数日後、その農夫が再び鍛冶屋にやってきた。その表情は、驚きと感謝に満ちていた。
「ダクレスさん! 今回の鋤の刃は、本当にすごい! いつもなら、すぐに刃こぼれしてしまうような硬い土でも、まるでバターを切るみたいに、すんなりと入っていくんだ! しかも、何度使っても、刃が全然減らない!」
彼は興奮した様子で、そう語った。ダクレスが詳しく話を聞くと、なんと、エメリアが提案した方法で鍛えられた鋤の刃の方が、明らかに性能が良いというのだ。
「特に、粘り強さが違うんだ。以前の刃なら、無理な力がかかるとすぐに欠けてしまったんだが、今回はそんなことは全くなかった。本当に助かるよ!」
農夫の言葉に、ダクレスは目を丸くした。まさか、本当に子供の思いつきが、これほどの違いを生み出すとは、想像もしていなかったのだ。
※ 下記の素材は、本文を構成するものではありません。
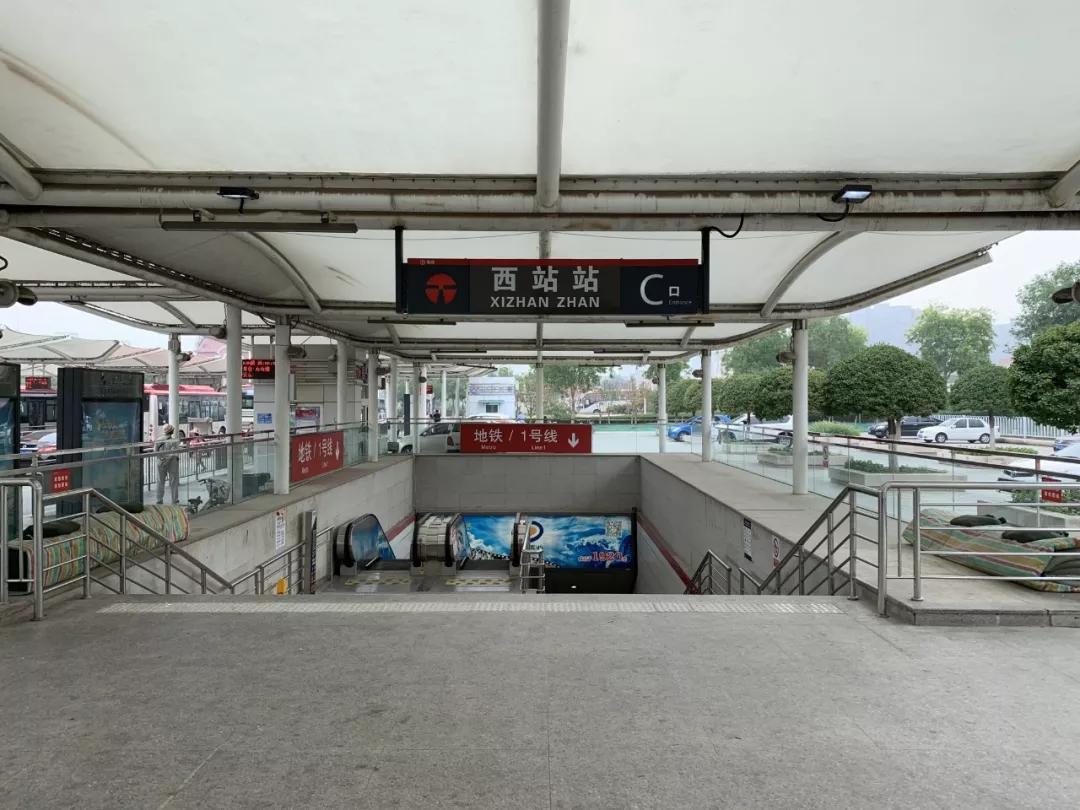 明日起,天津南站,西站部分地铁站口临时封闭
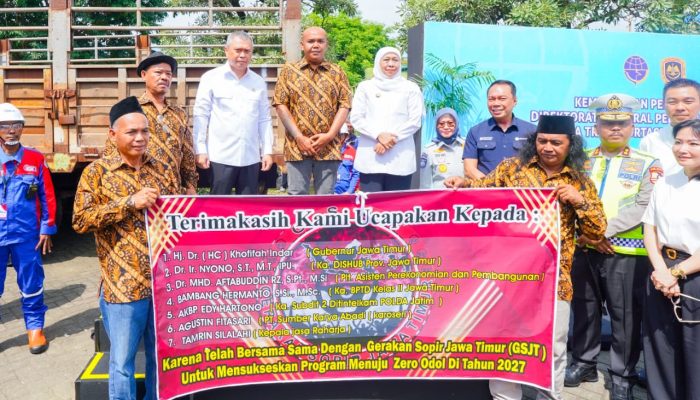 Gubernur Khofifah Raih Apresiasi Menhub atas Penanganan ODOL, Jatim Siap Jadi Pelopor Zero ODOL 2027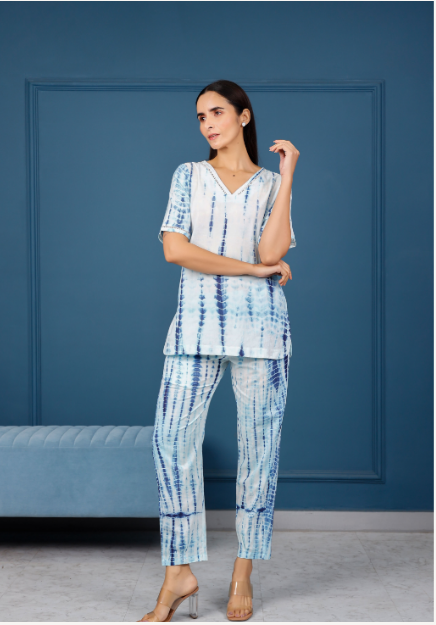 Women's White With Blue Shibhori Hand Printed Top With Pants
ダクレスは、すぐにエメリアを呼び寄せ、農夫の言葉を伝えた。エメリアは、自分の提案が実際に役に立ったことを知り、胸がいっぱいになった。
「お嬢ちゃん…あんたは、本当にすごい才能を持っているんだな…」
ダクレスは、改めてエメリアに感嘆の言葉を贈った。そして、彼は真剣な表情で言った。
「実はな、このヴァルハルト王国は、昔から良質な鉄が採れることで知られている。だが、その鉄のポテンシャルを、まだ十分に引き出せていないのかもしれない。お嬢ちゃんのその知識と、私の鍛冶の技術を合わせれば、もっと素晴らしいものが作れるかもしれない…」
ダクレスの言葉には、職人としての新たな挑戦への意欲が感じられた。エメリアも、自分の持つ前世の知識が、この世界の鉄の可能性を広げるきっかけになるかもしれないと感じ、胸が高鳴った。ヴァルハルトの鉄。まだ見ぬその可能性を追求する、新たな道が、二人の目の前に開かれようとしていた。